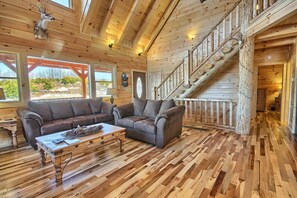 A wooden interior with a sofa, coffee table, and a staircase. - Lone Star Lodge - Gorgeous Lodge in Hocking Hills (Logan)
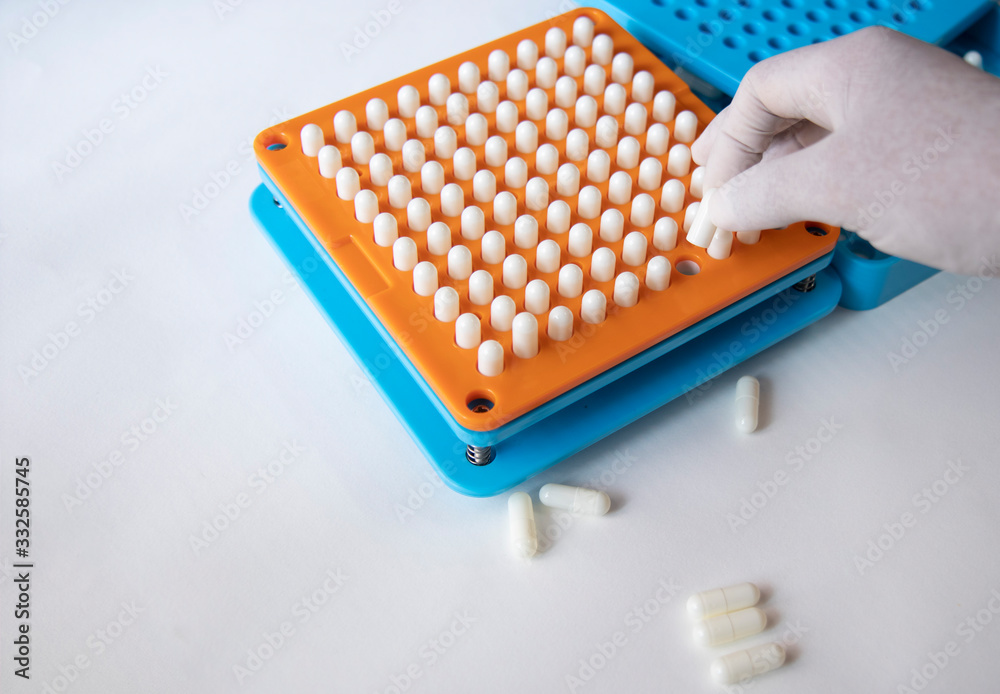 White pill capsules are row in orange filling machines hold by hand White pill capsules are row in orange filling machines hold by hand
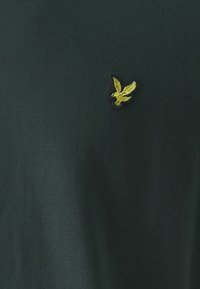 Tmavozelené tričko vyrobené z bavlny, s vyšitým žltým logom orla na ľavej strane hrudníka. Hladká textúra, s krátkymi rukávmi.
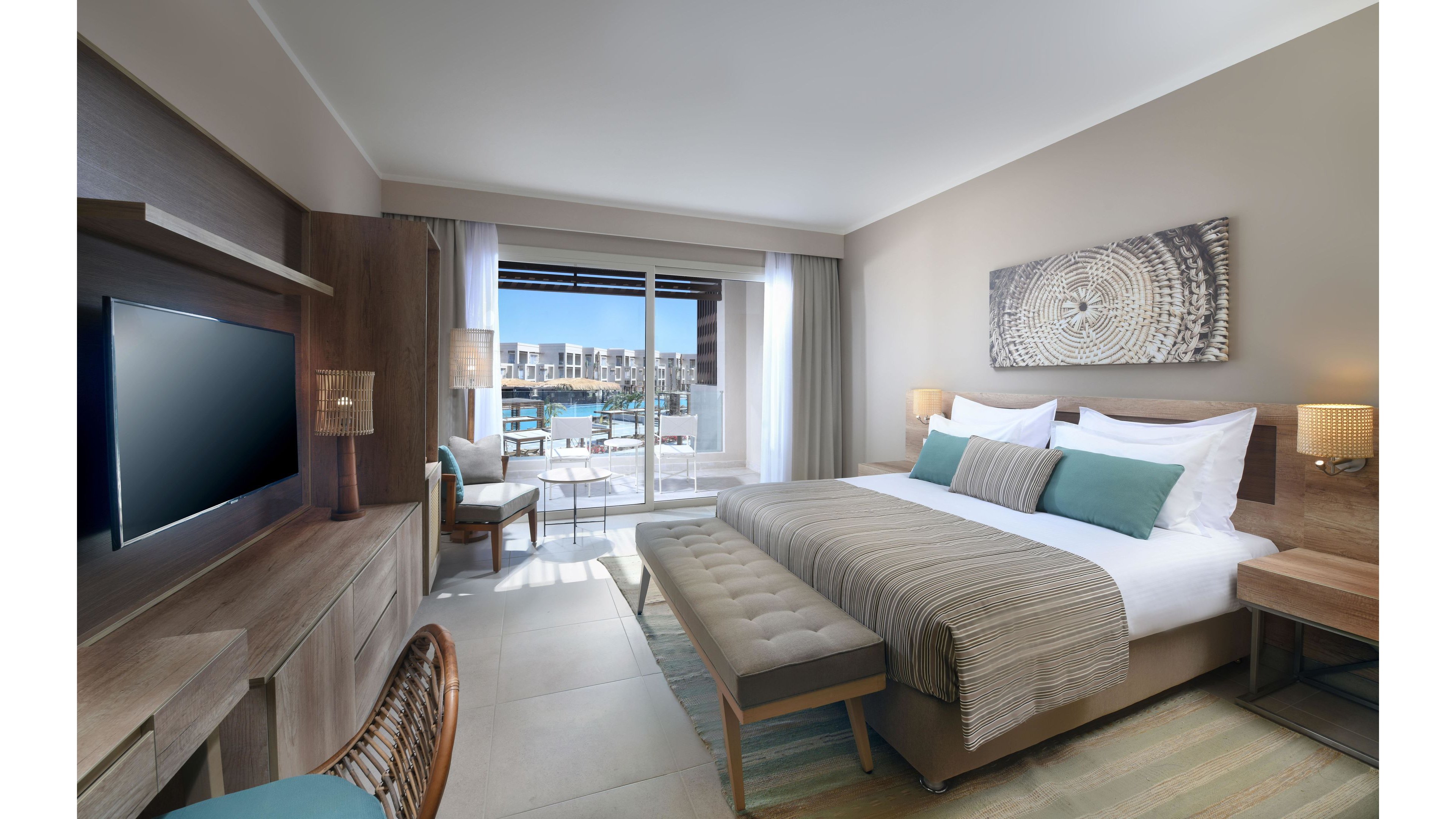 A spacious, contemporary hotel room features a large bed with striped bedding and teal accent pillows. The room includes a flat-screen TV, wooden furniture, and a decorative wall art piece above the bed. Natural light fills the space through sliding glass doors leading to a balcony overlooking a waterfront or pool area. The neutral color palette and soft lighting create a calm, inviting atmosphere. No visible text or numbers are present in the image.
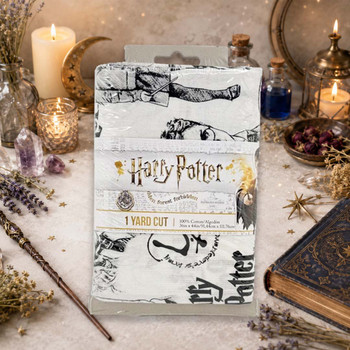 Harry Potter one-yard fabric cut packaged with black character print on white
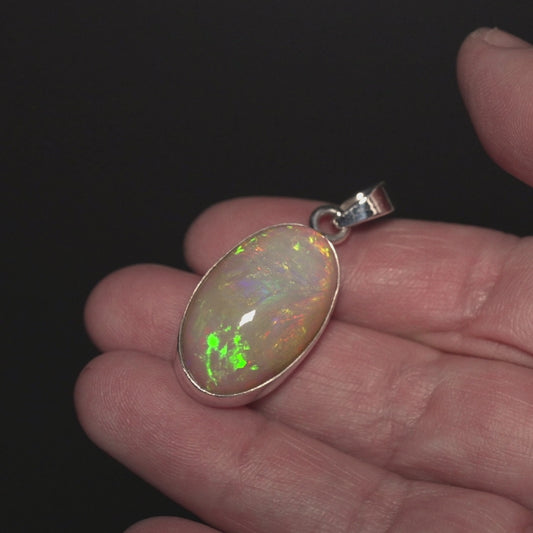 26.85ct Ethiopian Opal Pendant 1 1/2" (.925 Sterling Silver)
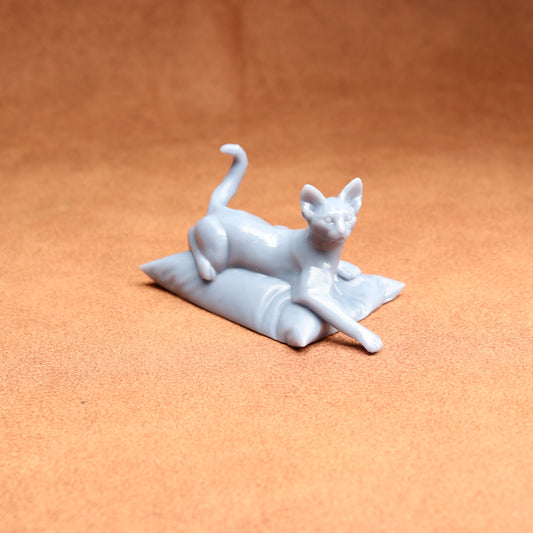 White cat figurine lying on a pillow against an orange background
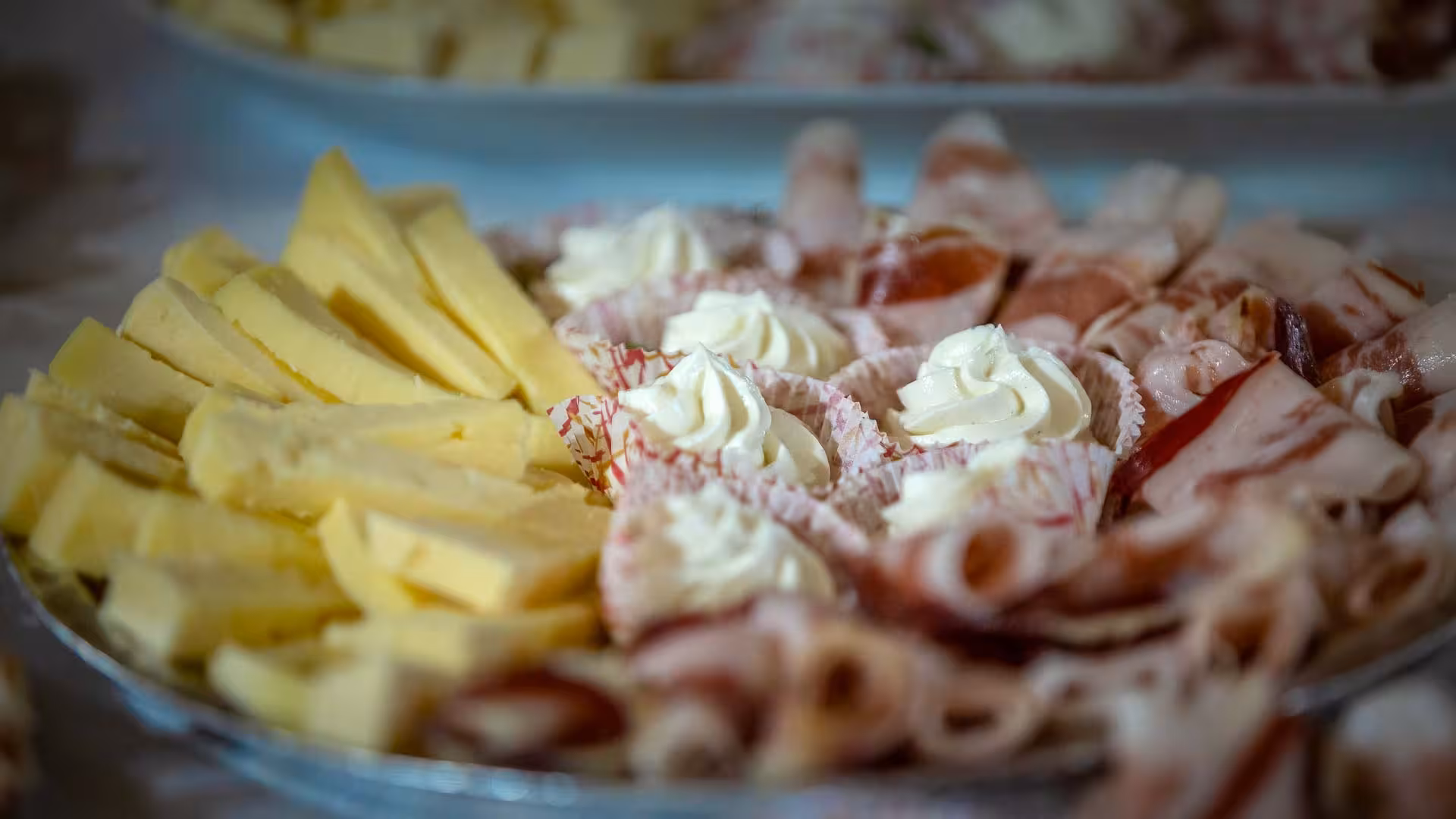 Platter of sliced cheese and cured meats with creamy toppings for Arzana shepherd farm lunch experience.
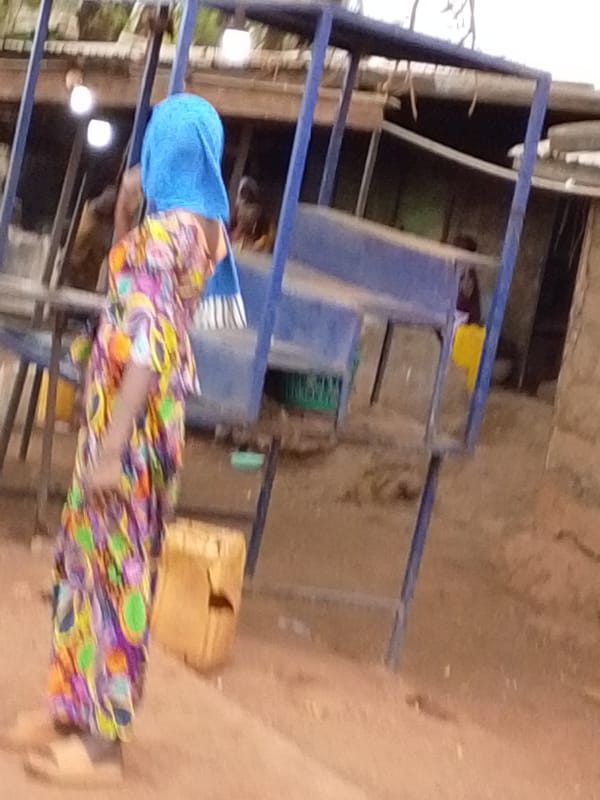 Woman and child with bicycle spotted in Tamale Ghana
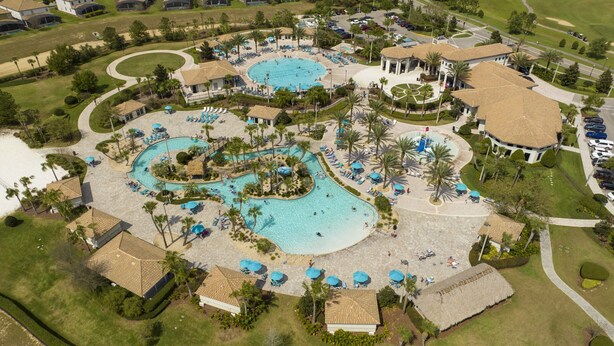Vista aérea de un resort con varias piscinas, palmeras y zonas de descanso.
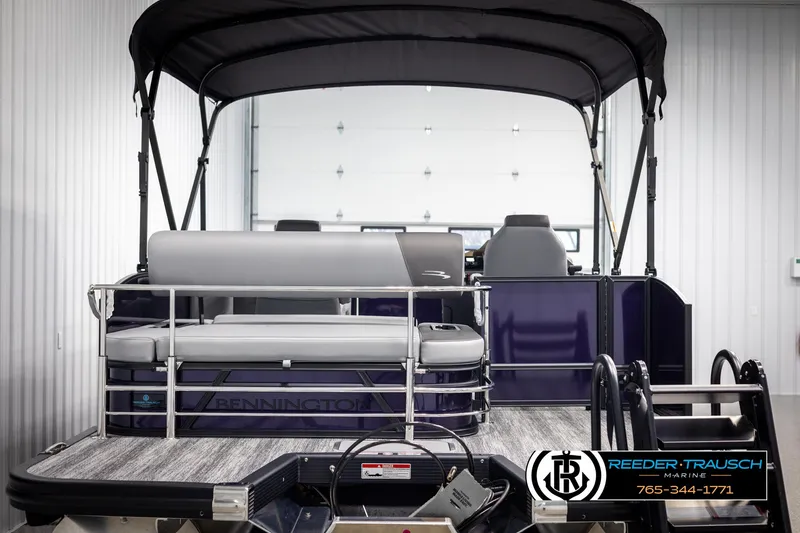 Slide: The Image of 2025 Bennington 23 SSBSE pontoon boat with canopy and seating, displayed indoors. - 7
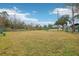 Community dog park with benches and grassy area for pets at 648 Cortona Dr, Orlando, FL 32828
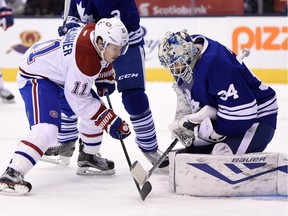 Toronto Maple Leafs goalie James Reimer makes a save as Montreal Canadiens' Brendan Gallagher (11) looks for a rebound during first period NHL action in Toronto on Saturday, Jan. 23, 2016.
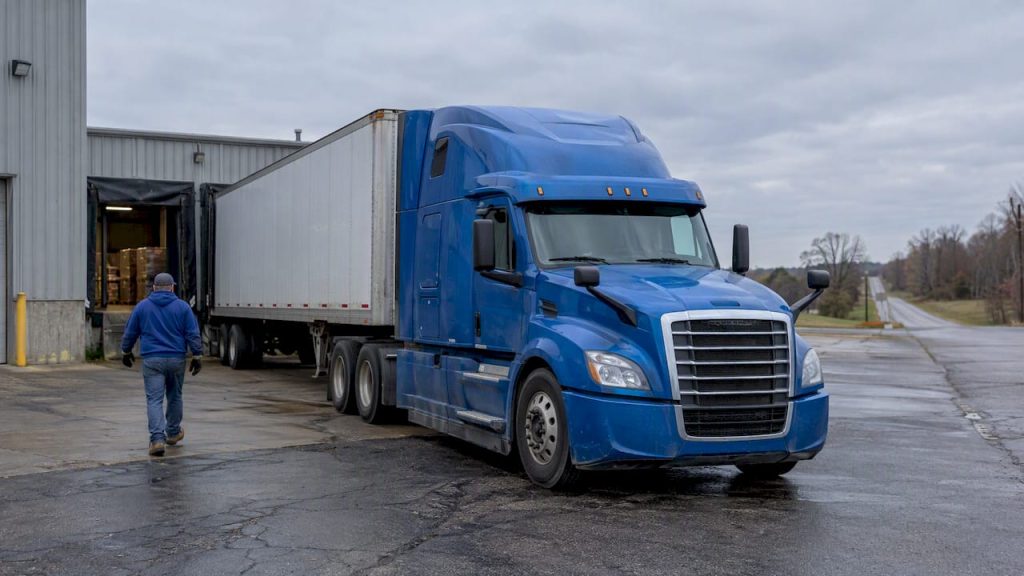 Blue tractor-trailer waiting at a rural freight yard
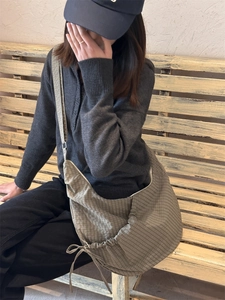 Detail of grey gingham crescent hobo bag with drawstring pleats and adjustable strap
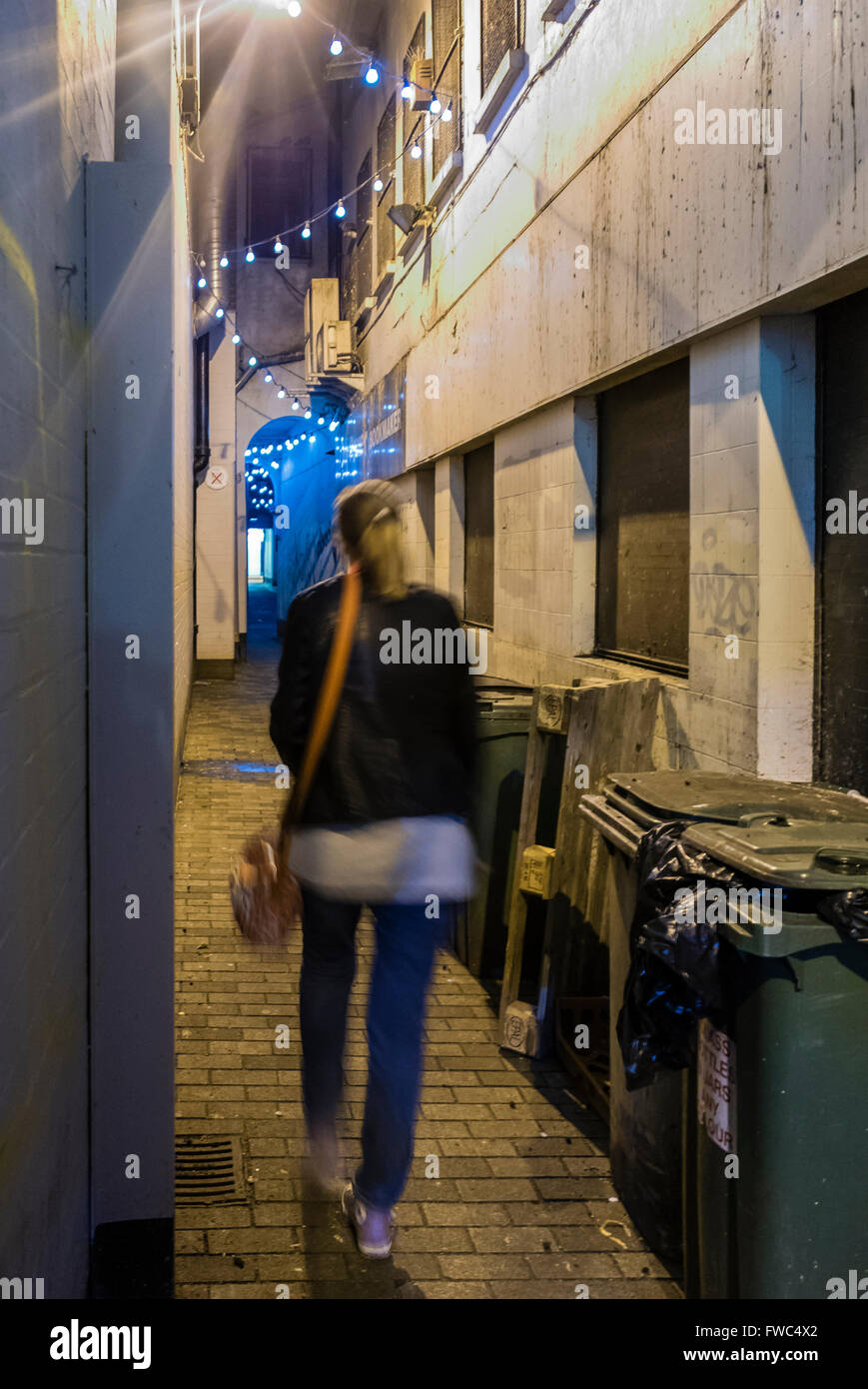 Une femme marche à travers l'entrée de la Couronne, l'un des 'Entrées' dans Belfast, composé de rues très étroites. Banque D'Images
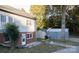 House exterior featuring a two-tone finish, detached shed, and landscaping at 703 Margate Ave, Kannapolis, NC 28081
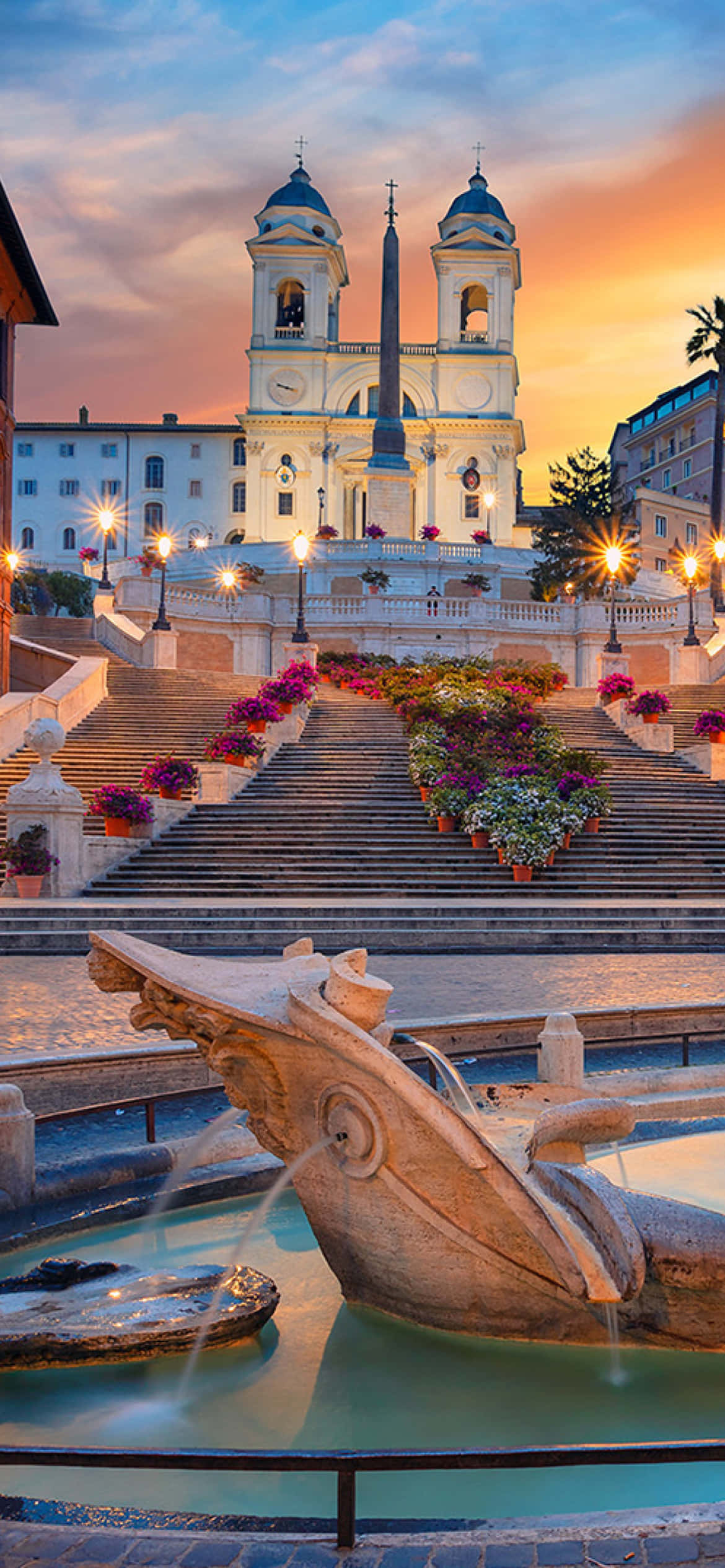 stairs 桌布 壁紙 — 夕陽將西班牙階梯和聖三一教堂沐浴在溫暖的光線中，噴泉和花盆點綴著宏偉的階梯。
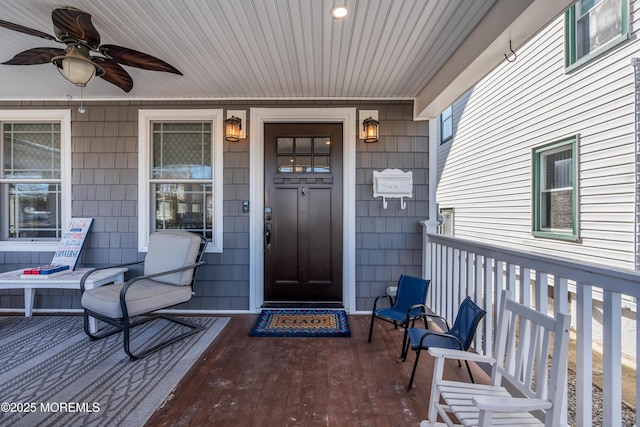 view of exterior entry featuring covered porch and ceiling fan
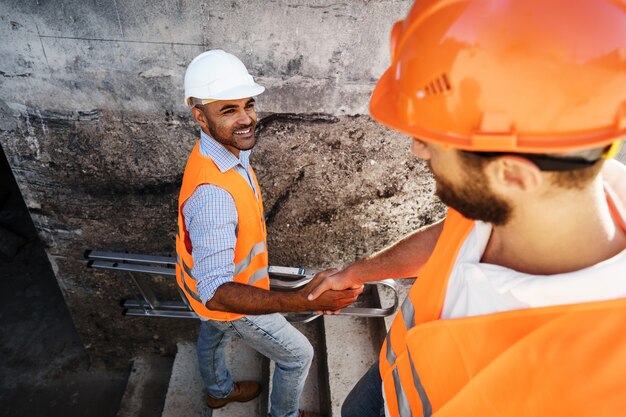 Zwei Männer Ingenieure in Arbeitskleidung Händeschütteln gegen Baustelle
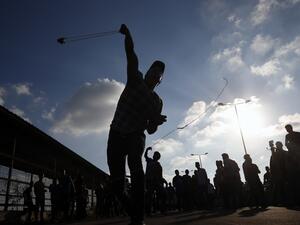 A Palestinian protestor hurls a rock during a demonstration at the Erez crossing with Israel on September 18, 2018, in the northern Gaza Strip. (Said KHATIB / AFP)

» WHAT YOU WILL DO:
Give the data back exactly, omitting all pictures.

» ANSWER AREA:
 A wooden interior with a sofa, coffee table, and a staircase. - Lone Star Lodge - Gorgeous Lodge in Hocking Hills (Logan)
 White pill capsules are row in orange filling machines hold by hand White pill capsules are row in orange filling machines hold by hand
 Tmavozelené tričko vyrobené z bavlny, s vyšitým žltým logom orla na ľavej strane hrudníka. Hladká textúra, s krátkymi rukávmi.
 A spacious, contemporary hotel room features a large bed with striped bedding and teal accent pillows. The room includes a flat-screen TV, wooden furniture, and a decorative wall art piece above the bed. Natural light fills the space through sliding glass doors leading to a balcony overlooking a waterfront or pool area. The neutral color palette and soft lighting create a calm, inviting atmosphere. No visible text or numbers are present in the image.
 Harry Potter one-yard fabric cut packaged with black character print on white
 26.85ct Ethiopian Opal Pendant 1 1/2" (.925 Sterling Silver)
 White cat figurine lying on a pillow against an orange background
 Platter of sliced cheese and cured meats with creamy toppings for Arzana shepherd farm lunch experience.
 Woman and child with bicycle spotted in Tamale Ghana
Vista aérea de un resort con varias piscinas, palmeras y zonas de descanso.
 Slide: The Image of 2025 Bennington 23 SSBSE pontoon boat with canopy and seating, displayed indoors. - 7
 Community dog park with benches and grassy area for pets at 648 Cortona Dr, Orlando, FL 32828
 Toronto Maple Leafs goalie James Reimer makes a save as Montreal Canadiens' Brendan Gallagher (11) looks for a rebound during first period NHL action in Toronto on Saturday, Jan. 23, 2016.
 Blue tractor-trailer waiting at a rural freight yard
 Detail of grey gingham crescent hobo bag with drawstring pleats and adjustable strap
 Une femme marche à travers l'entrée de la Couronne, l'un des 'Entrées' dans Belfast, composé de rues très étroites. Banque D'Images
 House exterior featuring a two-tone finish, detached shed, and landscaping at 703 Margate Ave, Kannapolis, NC 28081
 stairs 桌布 壁紙 — 夕陽將西班牙階梯和聖三一教堂沐浴在溫暖的光線中，噴泉和花盆點綴著宏偉的階梯。
 view of exterior entry featuring covered porch and ceiling fan
 Zwei Männer Ingenieure in Arbeitskleidung Händeschütteln gegen Baustelle
 A Palestinian protestor hurls a rock during a demonstration at the Erez crossing with Israel on September 18, 2018, in the northern Gaza Strip. (Said KHATIB / AFP)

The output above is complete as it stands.